Timing Matters More Than We Realise
When an attachment rupture happens is just as important as what happened.
There is a particularly vulnerable period in relationships called the trust-building phase.
This is the stage after the honeymoon period — when the dopamine highs and oxytocin bonding haze begin to settle.
The fantasy softens.Reality emerges.And your nervous system quietly starts asking:
Can I trust you?
Will you stay when things get hard?
Are you emotionally available when it counts?
This is when love shifts from chemistry… to attachment.From attraction… to security.
You’re pouring the concrete of the foundation.
And if something destabilising happens during this stage?
The impact can be enormous.
Because the concrete hasn’t set yet.
When Survival Stress Detonates the Bond
Imagine a pursuer–withdrawer couple just coming out of the honeymoon stage.
The relationship feels hopeful.

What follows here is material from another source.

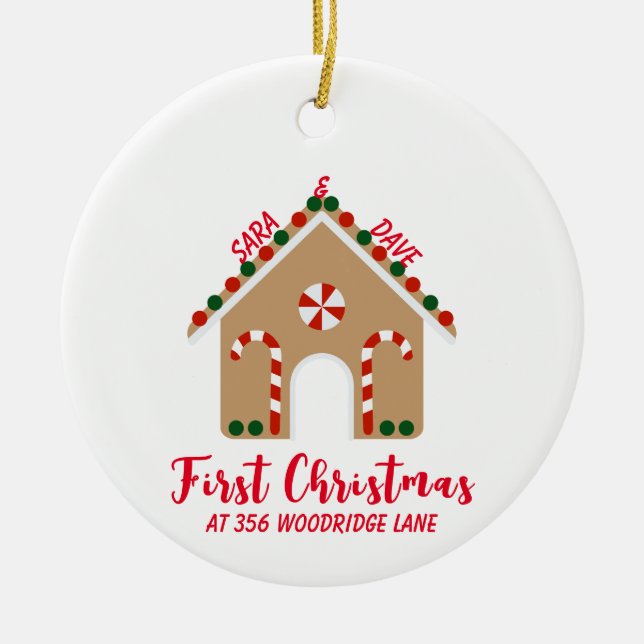 Weihnachtslieder Erste Weihnachtsdekoration Keramik Ornament (Vorne)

Intimate. Full of promise.
Then — out of nowhere — the withdrawer partner loses their job.
Not a minor inconvenience.A traumatic loss.Income gone. Identity shaken. Stability threatened.
The withdrawer goes into survival mode.
And because withdrawers cope by going inward — shutting down emotionally to regulate overwhelm — they disappear.
Not physically, perhaps.
But emotionally.
They hermit.They stop communicating.They can’t show up.
Now imagine what happens inside the anxious partner.
Their core wound — abandonment — detonates.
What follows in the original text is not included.